A guy I know shot this 10 pointer during the shotgun hunt. Look closely.


----------



## 25-ott-06 (Mar 7, 2009)

Scott Adams said:


> A guy I know shot this 10 pointer during the shotgun hunt. Look closely.


What is it a third ear or fith leg.lol


----------



## mjh345 (Jun 17, 2006)

Scott Adams said:


> A guy I know shot this 10 pointer during the shotgun hunt. Look closely.


Is that photoshopped, or for real?


----------



## JMitchell (Dec 28, 2012)

My girl brought me back a honker this afternoon with some jewelry on it.







I called them and it was banded on June 17, 2009 in Nye County Nevada. I got it in the Bitterroot Valley Montana. 

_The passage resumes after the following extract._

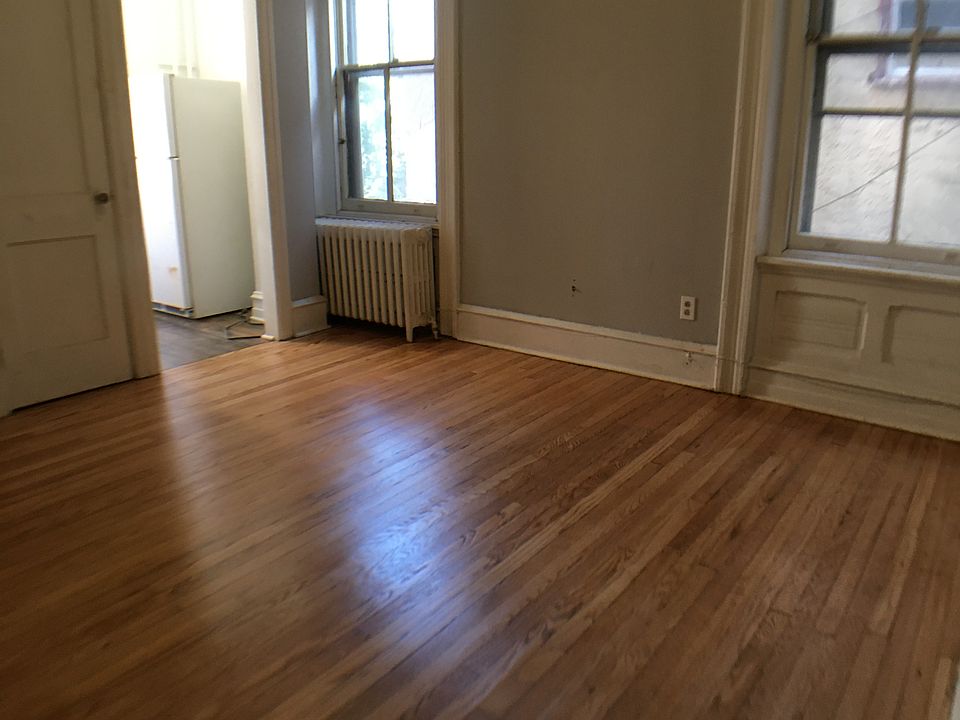 1st image of 403 S 40th St APT 2R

On a side note my buddy went to Canada a few weeks ago and got a snow and it was banded on Wrangle Island Russia in 2007. That is pretty cool.


----------



## Scott Adams (Jun 25, 2003)

mjh345 said:


> Is that photoshopped, or for real?


5th leg. It's real.


----------



## mjh345 (Jun 17, 2006)

Scott Adams said:


> 5th leg. It's real.


Thats creepy. A little mini leg coming out of the neck!!


----------



## Erik Nilsson (Jan 16, 2011)

It would make and interesting mount.


----------



## runnindawgz (Oct 3, 2007)

Heart N Soul’s Pocket Change, CD SH 
I love this shot - my husband sent it to me from his cell in the day break on opening morning. Barely light ... They both had fun getting muddy in the swamp  

Home with a wood duck limit


----------



## MSDOGS1976 (Mar 7, 2009)

Scott Adams said:


> 5th leg. It's real.


Wow, that's amazing. 

Good pics everyone. Keep them coming.


----------



## SjSmith (Oct 25, 2011)

Getting ready to start on ducks. This is a buck that my girl helped find for a buddy. She's a trackin fool.

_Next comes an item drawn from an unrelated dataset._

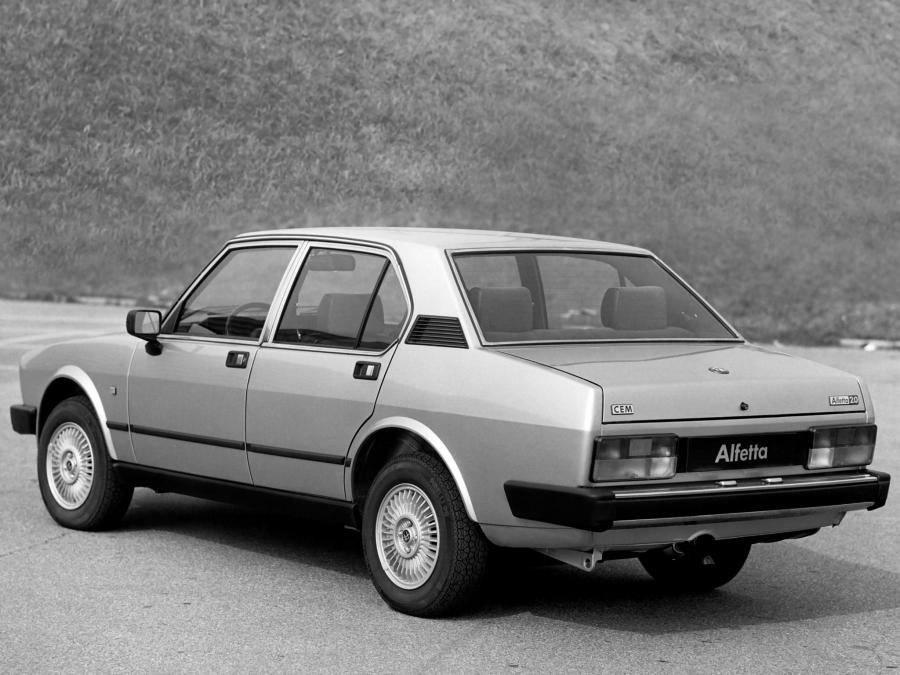  Alfa Romeo Alfetta 2.0i CEM (116) 1983 года  (фото 2 из 4)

And my bow kill 8 pointer on my birthday.


----------



## straightsix (Feb 17, 2013)

Trigger on his 1 yr old birthday









Not the best ducks but Trig didn't seem to care. Made every retrieve and never had to get in the boat to recover a bird. Also, Cedar point in the background


----------



## uplandbird (Mar 21, 2013)

TIM DOANE said:


> Will a video do ? http://youtu.be/dnovRD5aKQM


 OMG, love it! The go pro on dog in fast motion, can I say awesome! All these pictures on this thread are great. Thanks all for sharing


----------



## BILL NE NY (Aug 2, 2011)

s the pups first goose hunt on water.


----------



## BILL NE NY (Aug 2, 2011)




----------



## Chris Atkinson (Jan 3, 2003)

*Bus with a Central IL Drake Mallard Nov 23, 2013*









Here's Bus with a drake Mallard from this Saturday's hunt. Special thanks to my buddy Tim Rider for a great hunt. (and to Linus for sharing his spot and his stuff)


----------



## goin2drt (May 9, 2008)

BILL NE NY said:


> s the pups first goose hunt on water.


What a great pic. Your dog has a little look to him. Kind of like "that's right those are my birds and I am a badass". Thanks for sharing.


----------



## John Robinson (Apr 14, 2009)

Got a mixed bag the other day...


----------



## John Robinson (Apr 14, 2009)

Same spot, just across the slough the next day...


----------



## John Robinson (Apr 14, 2009)

Same spot, just across the slough the next day...


----------



## BJGatley (Dec 31, 2011)

Fantastic pictures folks...Thanks for sharing.


----------



## Mark Teahan (Apr 1, 2012)

twas a good day on napi.


----------



## Loran Marmes (JR) (Jan 19, 2013)

heres axel at 8 months old!!! Great day, thankful for my buddy leaving his very good dog at home so axel can have first hunt alone.


----------



## roseberry (Jun 22, 2010)

this is a pic of the mixing board d j jaydee mac operated at the big blind timer hole at the greentree club. we put greenheads on the dance floor while i was "scratchin' and rappin'!"


----------



## John Robinson (Apr 14, 2009)

It's fun seeing all the different duck species from all across the country...


----------



## Dustin D (Jan 12, 2012)

He did great. Didn't even need to blow the whistle and the remote stayed in the shell bag.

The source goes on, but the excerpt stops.